(Jeremy C. Fox for Boston.com)
Nana Gogo was working Wednesday morning when she learned that the MBTA would terminate weekend E Line service at Brigham Circle instead of Heath Street beginning July 1. Her hands quickly darted back and forth as she wove a client’s hair together with longer, sleeker strands plucked from a table beside her.
“That’s not a good idea,” she said flatly. “It’s not good for my business.”
Gogo, an immigrant from the Ivory Coast, has owned Nana’s Hair Braiding & Full Service Beauty Salon at 901 Huntington Ave. for 17 or 18 years, she said.
She summed up the feelings of many who live, work, and run businesses on this stretch where Huntington Avenue dog-legs into South Huntington and Mission Hill gives way to Jamaica Plain.
Most agreed that losing weekend service along the last three-fifths of a mile of the trolley’s route isn’t a calamity. But they say it will be an inconvenience that will complicate their lives during a time and in an area where no one wants to see life become more difficult.
With streets lined with brick tenements, laundromats, mom-and-pop stores, and affordable restaurants, this neighborhood is home to a diverse mix of college students, seniors, and working-class families.
Hundreds live in the 13-acre Mission Park affordable development, and more than 100 seniors in the Back of the Hill Apartments. The Veterans Administration Medical Center sits adjacent to Heath Street Station, and just up the hill is the New England Baptist Hospital.
The reduction in service on the E Line is one of a slew of changes taking effect July 1 that, along with higher fares and additional state revenue recently approved by the Legislature, will offset a $160 million deficit for the fiscal year about to begin.

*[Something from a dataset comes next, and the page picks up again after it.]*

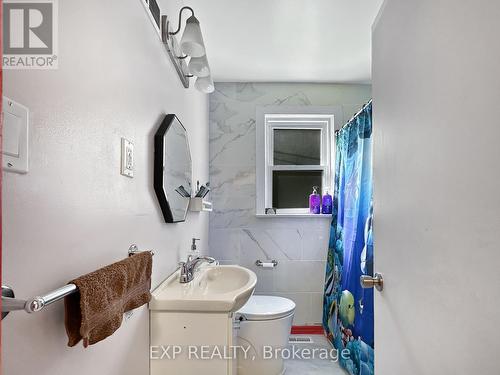 389 Northbrae Drive, London, ON - Indoor Photo Showing Bathroom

The plan also includes eliminating four bus routes and cutting weekend service on other bus routes and Commuter Rail lines.
Along the reduced E branch route, locals will still be able to take the 39 bus, which shares much of its route with the E train, but not everyone is satisfied with that option.

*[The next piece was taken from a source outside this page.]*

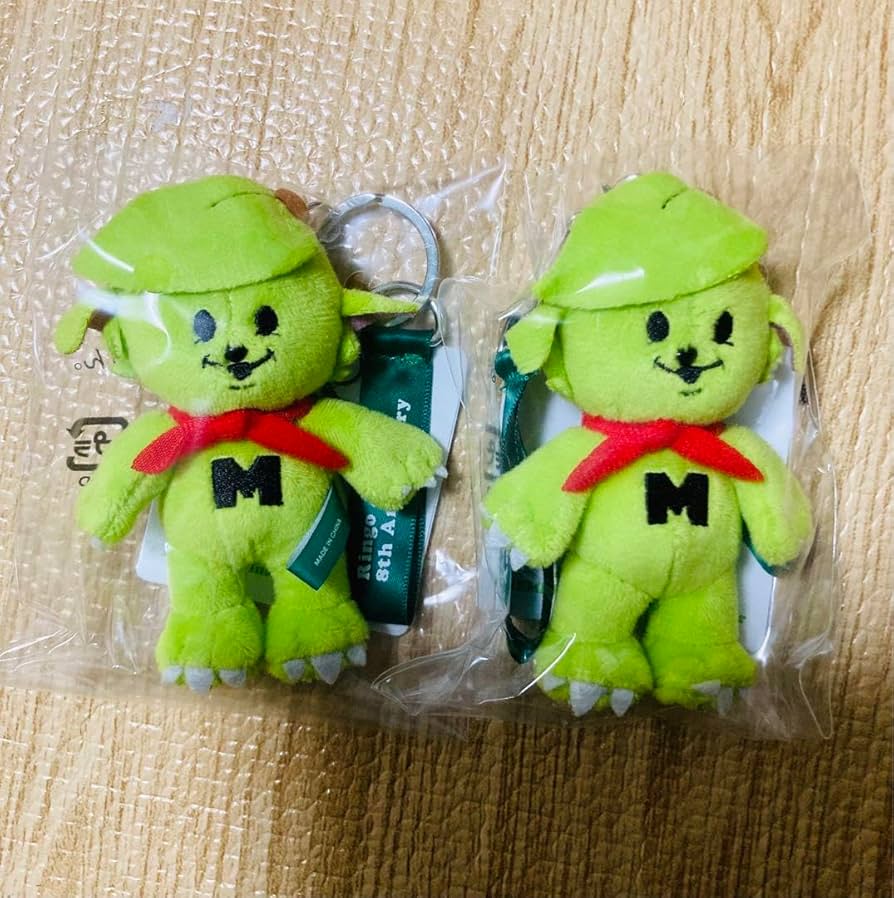 MGAメメル ぬいぐるみ＆キーホルダーのセット MEMERU Plush Toy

“The 39 will work, I guess, but it’s not my preferred way,” said Jim Lanzarotta, who lives on South Huntington. Rather than end service at Brigham Circle, he’d like to see the trolley continue to Heath Street but save time and money by having fewer stops.
“The thing is, there are so many college students who live down here,” said Janelle Downey, gesturing toward the Riverway, “and down here,” she said, gesturing down South Huntington toward Heath Street. “People moved here because the T was out here,” said Downey, a 2012 graduate of the Massachusetts College of Art and Design who was waiting for an inbound E train at the Riverway stop.

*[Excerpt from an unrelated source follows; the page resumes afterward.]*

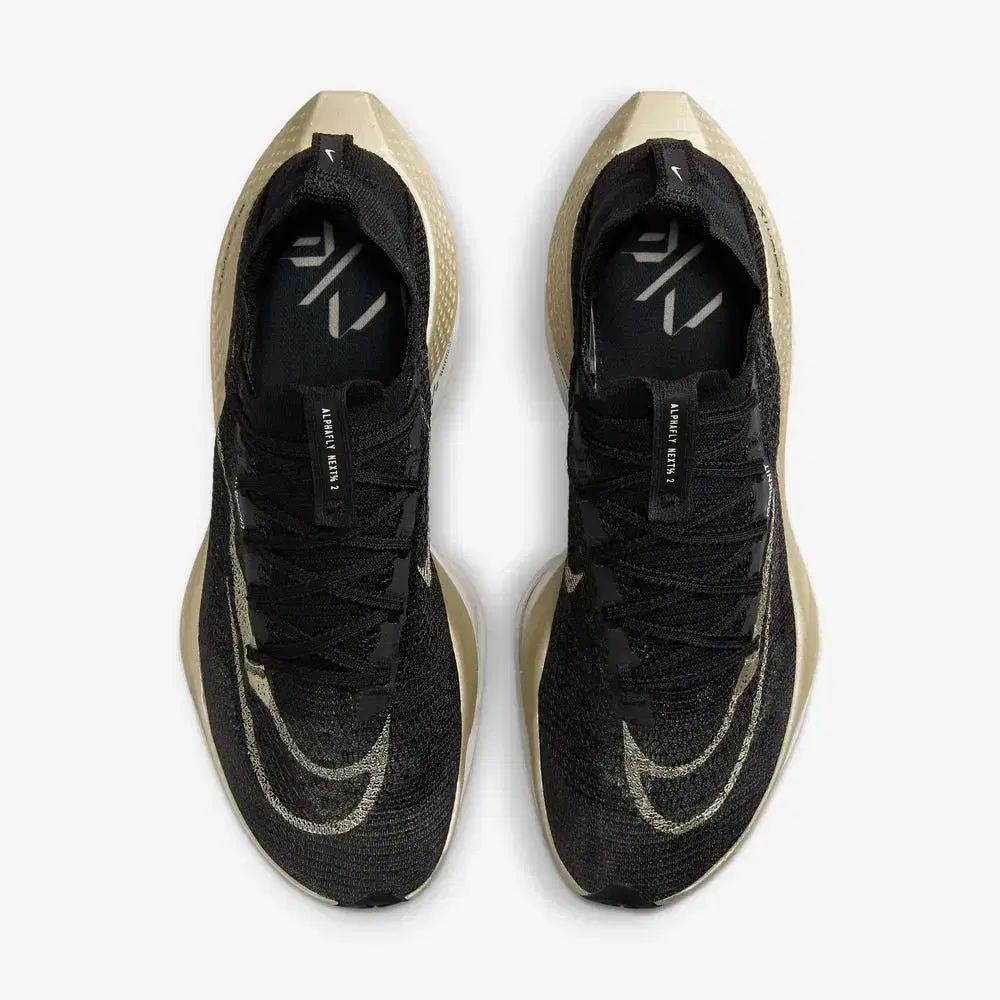 ナイキエアズームアルファフライネクスト% の27.5cmの出品です。 初代 ナイキ エアズーム アルファフライ ネクスト% 27.5cm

“It’s annoying,”said Elizabeth Marino, a bartender at the Wilbur Theatre, who was buying a pack of cigarettes at the South Huntington Market with her dog Rufus Anthony, a hairless Chinese crested. “If they’re going to stop up there, then I’ll have to walk all the way home from up there.”
Walter, a customer in the convenience store who preferred not to give his last name, said the loss of service would inconvenience college students but also patients at the VA Medical Center, seniors at the Back of the Hill complex, and both seniors and families in Mission Park.
“You’ve got a whole demographic that’s affected,” he said.
David Woldu, a Malden resident who works in the store, said he didn’t think it would lose business because most customers come from close by. “They are too lazy to walk,” Woldu said.
But Kenny Gamble, who works at the nearby Subway sandwich franchise and lives just across the street, said he expected the change to affect him personally as well as the business. Gamble and another employee said weekends are already slow there, and they’re concerned about losing the few customers who do come in on Saturdays and Sundays.
Gamble also said buses run less frequently on weekends, making the journey slower.
“It’s not like today — buses run like water [today],” he said. “On weekends, it’s very different.”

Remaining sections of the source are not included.